Three days after MySpace Music president Courtney Holt reached out to the indies during his MidemNet keynote, the independent sector was still voicing its concern over terms during MIDEM.

Charles Caldas, CEO of Merlin, which represents 12,000 indie labels, made clear his reasons why he hasn't signed a licensing deal with MySpace Music. Speaking on the Indies in the Digital Landscape Panel, Caldas said he was still "negotiating" with the service.

However, he still has issues with the majors being given equity in MySpace Music, which was not offered to the indies. There were also general concerns among the panelists about the majors getting better terms.

"We were expected to license a service which allowed our major competitors on the supply side to benefit from the use of our repertoire," said Caldas. He described that as a "dangerous" precedent.

Bob Frank, president of Koch Records, represented by Merlin, said that he was "not going to drop my pants and just take whatever deals are put on the table."

Frank added: "I don't view a major as any better than Koch Records."

The Orchard did sign up with MySpace Music from the start and Scott Cohen, founder and VP for Europe, disagreed with the suggestion that independents were always locked out of negotiations. He also noted that market share, not independent status, would dictate terms, so that EMI would not get as good terms as Universal.

The second day of the international music market and conference in Cannes also featured the inaugural International Publishing Summit (see Billboard.biz for separate coverage of the panels). Two independent publishers came together for a discussion about their business: Imagem Music CEO Andre de Raaff and Ralph Peer II, CEO and chairman of Peermusic.

Peer said that publishers were not immune from the difficult economic situation and could expect synch revenue to fall as a result. "One of the areas we are going to find difficult is going to be the fall-out from lower ad revenues," he said.

De Raaff agreed that there were "dangers" for independent publishers, but added that he thinks his company will "do rather well this year."

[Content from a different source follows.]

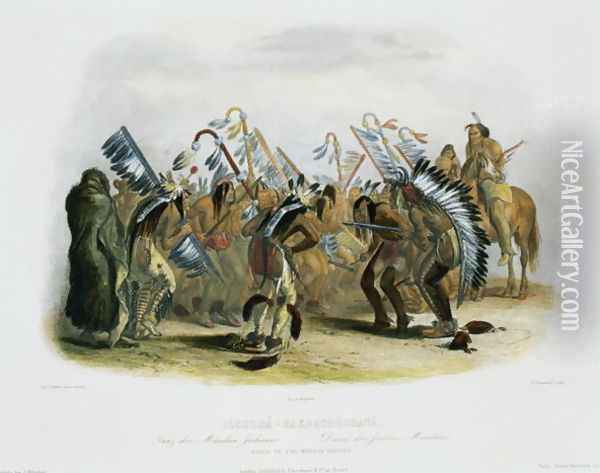 Ischoha-Kakoschochata, Dance of the Mandan Indians, plate 25 from volume 1 of `Travels in the Interior of North America' Oil Painting - Karl Bodmer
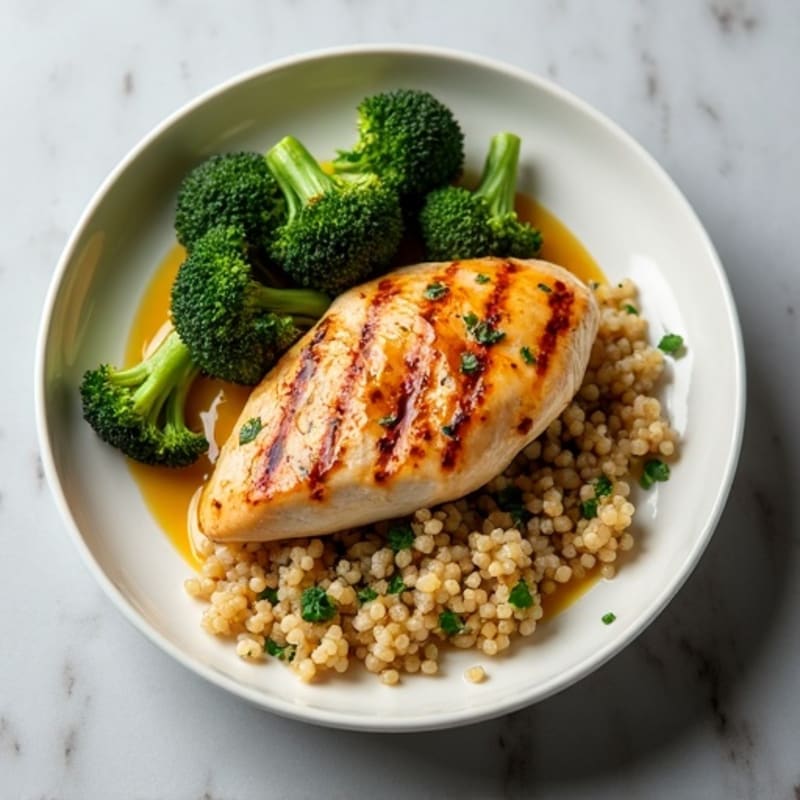 Grilled Chicken Breast with Quinoa and Roasted Broccoli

Imagem acquired classical publisher Boosey & Hawkes in April 2008 and de Raaff said he was impressed with the company's approach, compared to some classical companies that were like "entering a museum." He said the integration of the operations had been straightforward.

During a debate on whether the "super acts" model is sustainable, Kings Of Leon was named as a potential super act, although panelists agreed that too many medium-sized acts were being over-exposed and rushed back to market before the songs were strong enough.

Ossy Hoppe, managing director of Wizard Promotions in Germany, said he was deliberately holding back on bigger shows for Kings Of Leon so that it would be a really "hot ticket" next time. Instead, 5,000-capacity venues were being booked for the band in Germany.

"Some agents and managers don't care," said Hope. "They want to play the arenas."